A continuous random variable \(X\) that is Uniform on the interval \([a, b]\) has a constant probability density function (PDF) within that range and zero outside it. Formally,

\[\begin{split}f_X(x) = \begin{cases} \frac{1}{b - a}, & a \leq x \leq b \\ 0, & \text{otherwise} \end{cases}\end{split}\]

such a random variable we denote as \(X \sim \text{Uniform}(a, b)\) where \(a\) and \(b\) are the parameters of the distribution indicating the endpoints of the support. Its corresponding cumulative distribution function (CDF) increases linearly over the support and is given by:

\[\begin{split}F_X(x) = \begin{cases} 0, & x < a \\ \frac{x - a}{b - a}, & a \leq x < b \\ 1, & x \geq b \end{cases}\end{split}\]

As before, when dealing with named distributions, we have well-established formulas for their expected values and variances in terms of their parameters. The expected value is simply the midpoint of the support and this point represents both the mean and median of the distribution:

\[E[X] = \frac{a + b}{2}\]

The variance formula is:

\[\text{Var}(X) = \frac{(b - a)^2}{12}\]

and therefore \(\text{SD}(X) = \frac{b - a}{\sqrt{12}}\). These formulas stem from integrating the distribution’s probability density function over its support and simplify many calculations, allowing us to quickly assess key characteristics of the distribution without starting from first principles every time.
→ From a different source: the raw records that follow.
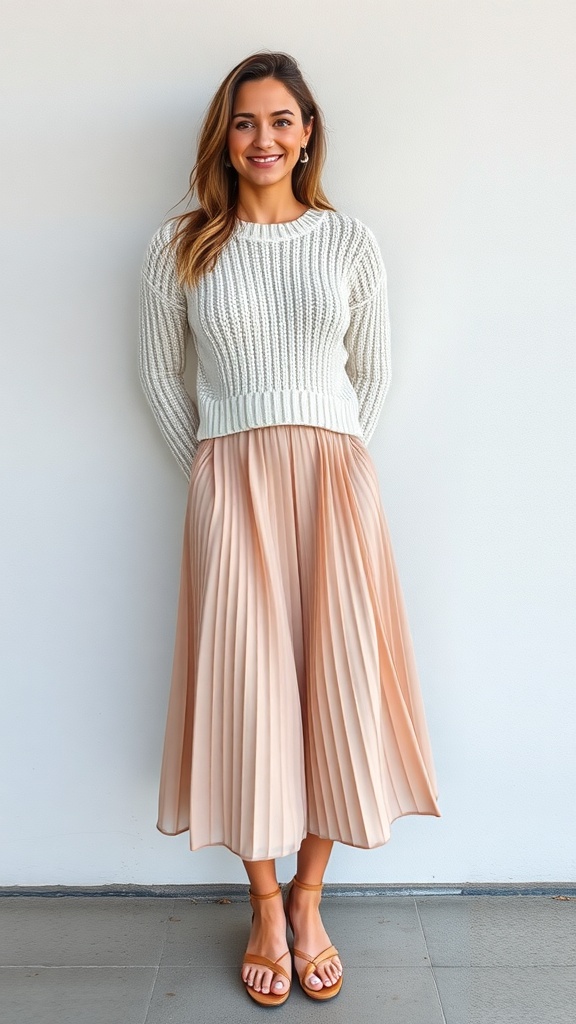 A woman wearing a cropped white sweater and a pleated midi skirt, smiling against a plain background.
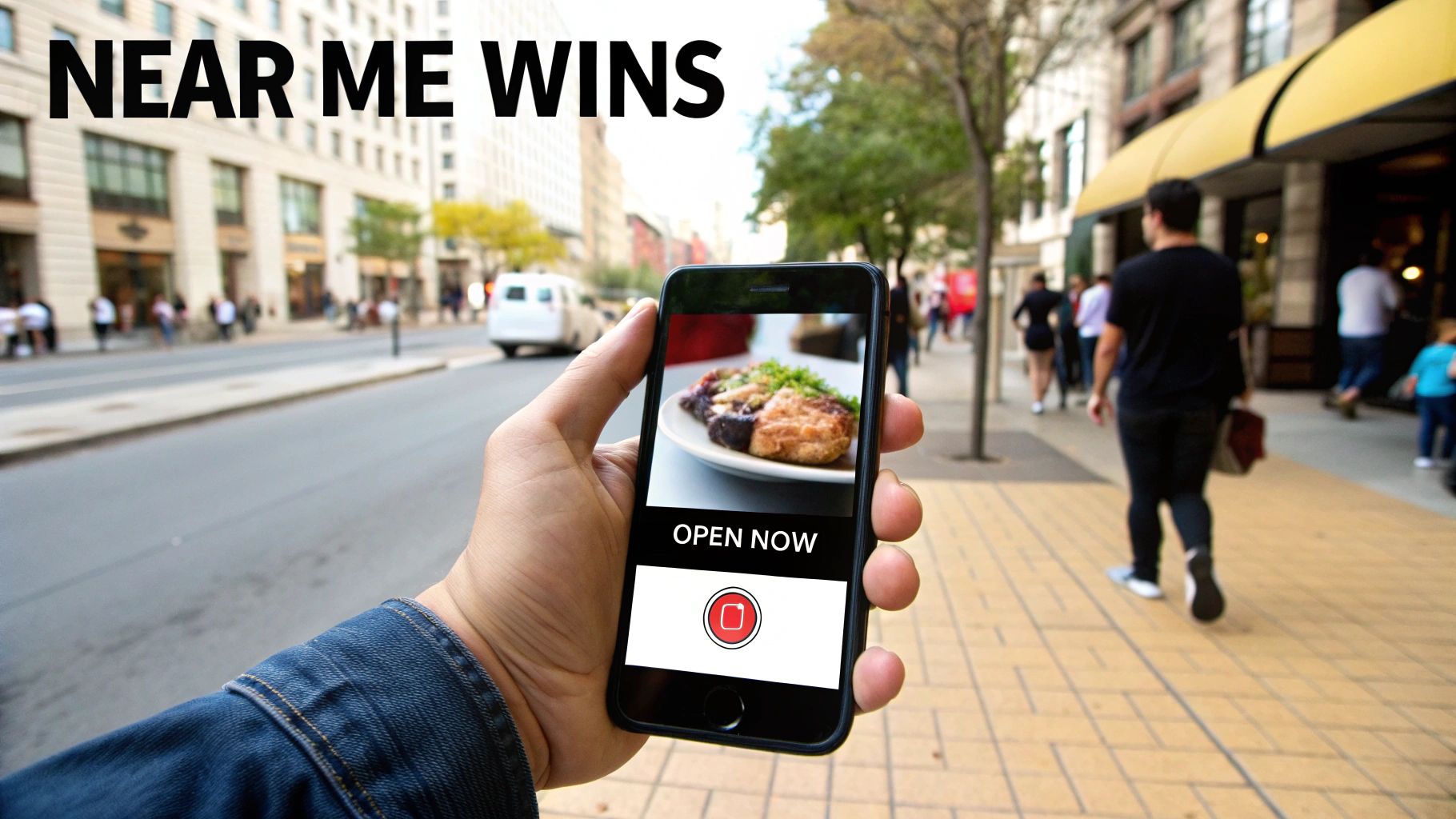 A diner on a busy city street looks at their smartphone, likely searching for a nearby place to eat.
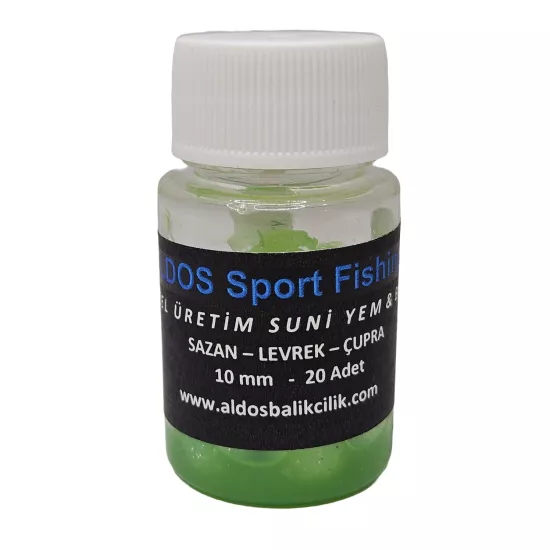 ALDOS Sarımsak Kokulu 10 mm Silikon Yumuşak Sazan Turna Çupra Levrek Dip Yemi (20 Adet)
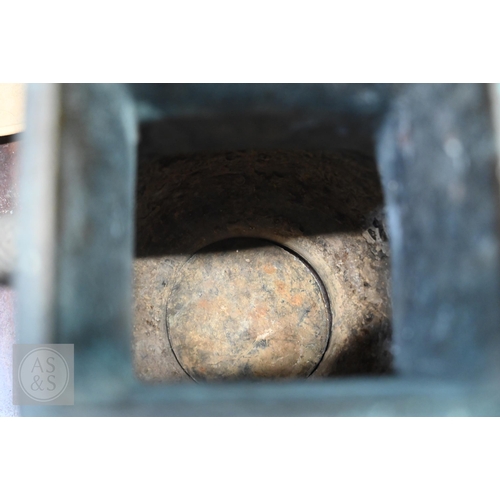 341 - A 19th century Chinese bronze twin handled vase in the form of an archaic ritual vessel, low relief ... 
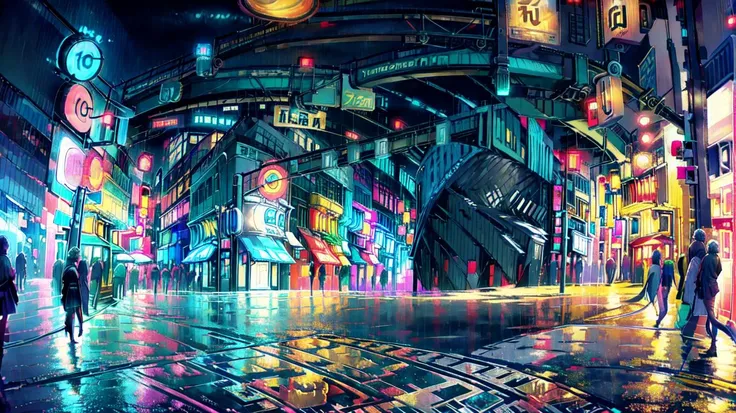 city street, neon signs, wate puddles, night,  <lora:YuumeiArtV2:1>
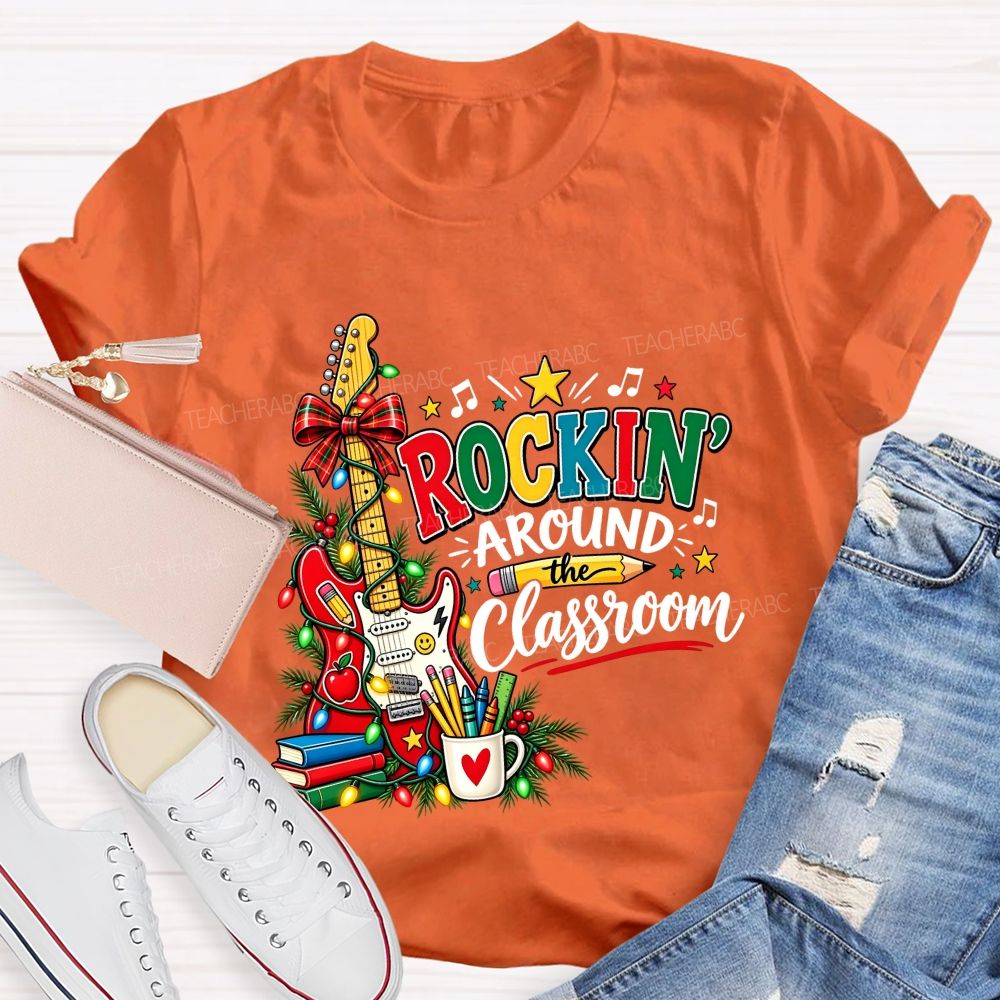Rockin Around The Classroom Christmas Teacher Guitar T-shirt
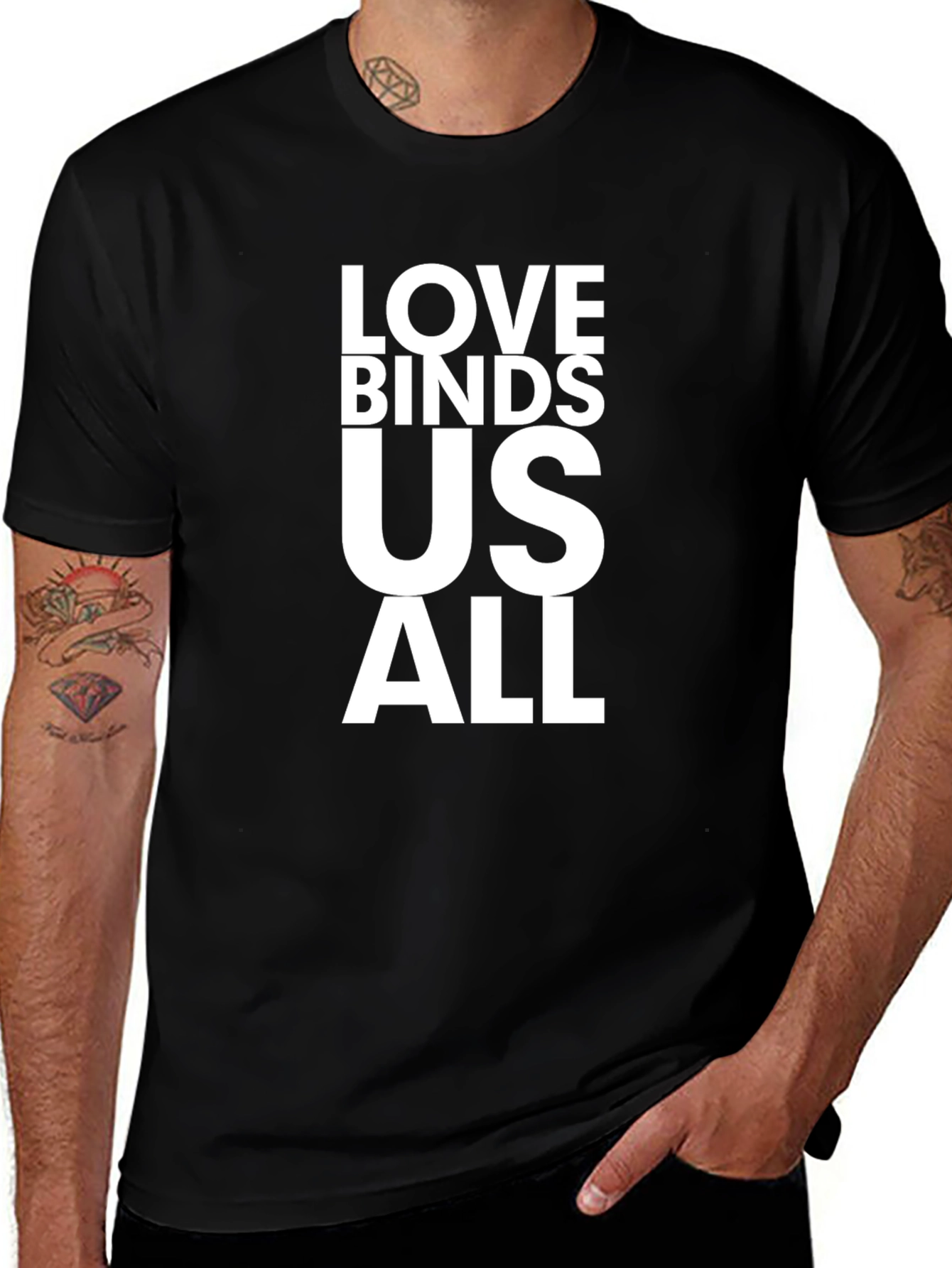 Love Binds Us All Graphic Tee - Black T-Shirt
Question 1: In this question, you will explore additional properties of the uniform distribution. You will see how the length of sub-intervals determines the probability assigned within the support, reflecting the constant nature of the distribution. Moreover, you will learn that percentiles for a uniform distribution are found by solving simple linear equations, leveraging the distribution’s linear cumulative distribution function. Let \(X\) be a continuous Uniform random variable over an unspecified support \([a, b]\).

  1. Use the CDF to determine a formula for computing \(P(X \leq c)\) where \(c\) is some constant in \([a, b]\).
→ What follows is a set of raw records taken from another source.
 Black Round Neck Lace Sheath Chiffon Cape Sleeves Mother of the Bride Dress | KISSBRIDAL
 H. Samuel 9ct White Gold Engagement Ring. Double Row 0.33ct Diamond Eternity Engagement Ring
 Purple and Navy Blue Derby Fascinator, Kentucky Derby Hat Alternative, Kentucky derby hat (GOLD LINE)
  2. Use the complement rule and the CDF to determine a formula for computing \(P(X > c)\) where \(c\) is some constant in \([a, b]\).

  3. Use properties of CDFs to determine a formula for computing \(P(c \leq X \leq d)\) where \(c, d \in [a, b]\) with \(d > c\).

  4. Use your understanding of conditional probabilities and CDFs to determine a formula for computing \(P(X > d|X > c)\) where \(c, d \in [a, b]\) with \(d > c\).

  5. In words, explain how these formulas illustrate the fact that the Uniform distribution assigns probability in direct proportion to the length of sub-intervals within \([a, b]\).

  6. Given a continuous Uniform random variable \(X\) over the interval \([a, b]\), find the \(p\)-th percentile, \(x_p\) in \([a, b]\) for which \(P(X \leq x_p) = p\). Your answer should be a function of \(a\), \(b\) and \(p\).

  7. Now extend your understanding of the uniform distribution by determining the upper \(p\)-th percentile. In other words, find the value \(x_p\) in \([a, b]\) for which \(P(X > x_p) = p\). Your answer should be a function of \(a\), \(b\) and \((1 - p)\).

Question 2: A company is testing two independent manufacturing processes, \(A\) and \(B\), each with its cost of producing an item modeled by a Uniform distribution. Since lower costs are preferred, management wants to compare these processes under various scenarios:

  • The cost of process \(A\) follows a Uniform distribution \(X \sim \text{Uniform}(10, 30)\)

  • The cost of process \(B\) follows a Uniform distribution \(Y \sim \text{Uniform}(12, 28)\)

  1. Which process is more likely to produce an item costing at most $18?

  2. Determine the 75th percentile for each process.

  3. If you require that at least 75% of your items fall below a certain cost threshold, which process has the lower threshold?

  4. Determine the expected value and variability of each process.

  5. For which probability level \(p\) (with \(0 < p < 1\)) do the two processes yield the same \(p\)-th percentile cost?

  6. What are the advantages and disadvantages of each process? Is one process exclusively better?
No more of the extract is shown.